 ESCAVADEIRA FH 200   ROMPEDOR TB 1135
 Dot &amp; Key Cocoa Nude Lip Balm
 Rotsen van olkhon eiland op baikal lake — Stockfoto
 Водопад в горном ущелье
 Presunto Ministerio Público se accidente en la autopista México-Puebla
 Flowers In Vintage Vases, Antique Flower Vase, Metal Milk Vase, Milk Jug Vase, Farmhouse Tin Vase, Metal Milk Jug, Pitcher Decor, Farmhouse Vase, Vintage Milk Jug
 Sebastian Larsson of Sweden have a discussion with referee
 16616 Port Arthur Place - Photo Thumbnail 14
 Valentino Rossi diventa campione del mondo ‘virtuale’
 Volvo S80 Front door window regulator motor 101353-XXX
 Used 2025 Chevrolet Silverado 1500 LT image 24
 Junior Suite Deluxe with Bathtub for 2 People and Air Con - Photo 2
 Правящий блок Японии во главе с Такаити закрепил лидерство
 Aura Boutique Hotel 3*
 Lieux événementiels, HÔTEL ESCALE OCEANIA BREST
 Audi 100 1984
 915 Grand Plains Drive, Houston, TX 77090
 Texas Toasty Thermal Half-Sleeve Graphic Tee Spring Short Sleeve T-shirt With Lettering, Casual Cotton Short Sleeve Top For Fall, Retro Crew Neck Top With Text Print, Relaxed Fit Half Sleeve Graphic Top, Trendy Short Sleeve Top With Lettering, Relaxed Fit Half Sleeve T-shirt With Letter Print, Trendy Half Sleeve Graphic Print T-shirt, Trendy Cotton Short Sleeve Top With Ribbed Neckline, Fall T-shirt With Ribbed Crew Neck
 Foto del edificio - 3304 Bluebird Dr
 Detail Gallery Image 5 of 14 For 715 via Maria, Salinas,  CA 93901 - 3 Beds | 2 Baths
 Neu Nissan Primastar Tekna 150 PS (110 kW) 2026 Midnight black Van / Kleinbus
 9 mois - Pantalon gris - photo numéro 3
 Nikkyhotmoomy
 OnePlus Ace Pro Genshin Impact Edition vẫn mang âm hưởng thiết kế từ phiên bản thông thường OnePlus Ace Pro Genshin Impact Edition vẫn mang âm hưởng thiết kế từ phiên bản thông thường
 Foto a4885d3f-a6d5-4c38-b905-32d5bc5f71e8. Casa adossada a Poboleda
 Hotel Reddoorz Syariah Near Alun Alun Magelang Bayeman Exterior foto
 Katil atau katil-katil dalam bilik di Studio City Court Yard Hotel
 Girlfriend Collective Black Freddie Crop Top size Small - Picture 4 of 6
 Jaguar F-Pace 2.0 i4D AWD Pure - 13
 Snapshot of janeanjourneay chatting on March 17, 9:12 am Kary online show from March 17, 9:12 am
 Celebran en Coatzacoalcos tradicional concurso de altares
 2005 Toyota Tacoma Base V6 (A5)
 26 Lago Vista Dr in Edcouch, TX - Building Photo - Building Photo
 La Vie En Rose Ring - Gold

· · ·

[Goal of the exercise]: In the entries above, find the line with "Valentino Rossi diventa" and the line with "915 Grand Plains Drive, Houston, TX 77090", then set down exactly those two and every line between them, nothing else.

[Answer below]:
 Valentino Rossi diventa campione del mondo ‘virtuale’
 Volvo S80 Front door window regulator motor 101353-XXX
 Used 2025 Chevrolet Silverado 1500 LT image 24
 Junior Suite Deluxe with Bathtub for 2 People and Air Con - Photo 2
 Правящий блок Японии во главе с Такаити закрепил лидерство
 Aura Boutique Hotel 3*
 Lieux événementiels, HÔTEL ESCALE OCEANIA BREST
 Audi 100 1984
 915 Grand Plains Drive, Houston, TX 77090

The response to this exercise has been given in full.